França revê memória da Guerra da Argélia, buscando reconciliação com ex-colônia

30 de julho de 1957 – Argelinos presos sob ordens do coronel francês Bigeard, na antiga Praça do Governo, na capital Argel. o local atualmente é chamado de Praça dos Mártires . ©AFP

FERNANDO EICHENBERG/ O GLOBO

PARIS – A Guerra da Argélia (1954-1962), que culminou na independência do país africano após 132 anos de dominação colonial da França, deixou marcas até hoje indeléveis em ambos os lados, com visões divergentes do passado. Sessenta anos depois, a guerra de liberação se mantém como fonte permanente de conflito entre Paris e Argel, instrumentalizada tanto pela extrema direita e o islamismo político franceses como pelos regimes autoritários argelinos. O presidente Emmanuel Macron, face aos repetidos fracassos de seus predecessores, lançou seu próprio plano para apaziguar a tensão memorial entre os dois países. Especialistas ouvidos pelo GLOBO, porém, apontam inúmeros obstáculos em sua ambição de normalizar a relação histórica entre a ex-potência colonial e seu antigo território.

Macron solicitou ao historiador Benjamin Stora um relatório, entregue no dia 20, com proposições de ações concretas e simbólicas para promover a reconciliação com a Argélia em torno do conflito colonial, considerado como o último grande tabu da História da França após o país ter enfrentado, a partir dos anos 1970, o passado colaboracionista da República de Vichy na Segunda Guerra. Entre as sugestões de Stora, conhecido por suas pesquisas sobre o império colonial, a imigração e o Magrebe contemporâneo, está a criação de uma comissão “Memória e Verdade”, encarregada de formular “iniciativas comuns entre a França e a Argélia sobre as questões de memória”.

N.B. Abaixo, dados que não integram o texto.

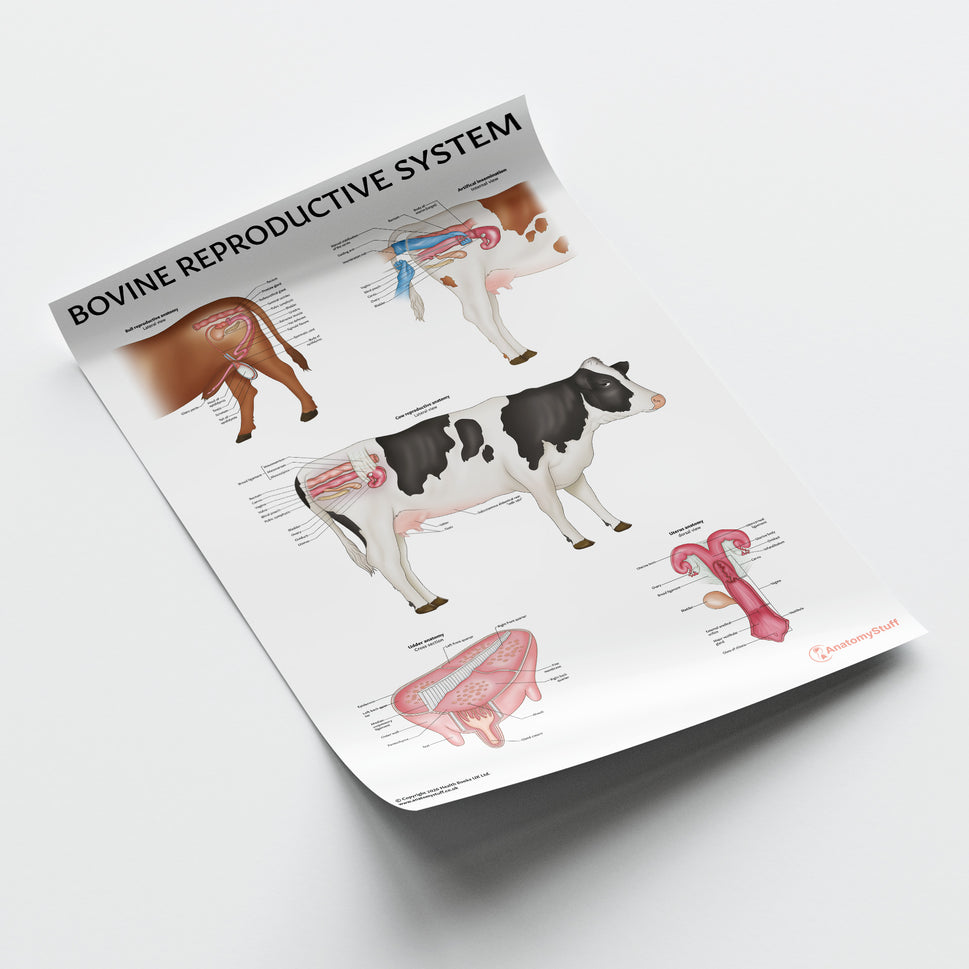 Bovine Reproductive Anatomy Chart / Poster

Para Luis Martinez, do Centro de Pesquisas Internacionais do Instituto de Estudos Políticos de Paris (Sciences-Po), Macron possui uma “margem de manobra” maior que seus antecessores no Palácio do Eliseu por duas razões. Em 2017, em visita à Argel como candidato à eleição presidencial, definiu o colonialismo como “crime contra a humanidade” e uma “verdadeira barbárie” – o que provocou indignação de políticos franceses. Além disso, como um jovem dirigente de 43 anos, não possui uma relação direta com a Guerra da Argélia. O governo francês, no entanto, descarta um pedido oficial de desculpas pelas violências cometidas durante o período colonial, uma antiga e sempre atual reivindicação das autoridades argelinas.

– Nenhum chefe de Estado foi até o arrependimento e as desculpas por crimes cometidos sob a colonização, simplesmente porque abriria portas extremamente difíceis de gerir no plano da História, da memória e, sem dúvida, das indenizações – diz Martinez. – A França quer resolver o período da liberação, e a Argélia o da colonização. É muito diferente. O que interessa aos argelinos é que a França se manifeste sobre o que fez de 1830 a 1870, por exemplo, em 40 anos de uma colonização violenta, com expropriação de terras, transformação de mesquitas em igrejas e interdição do ensino da língua árabe.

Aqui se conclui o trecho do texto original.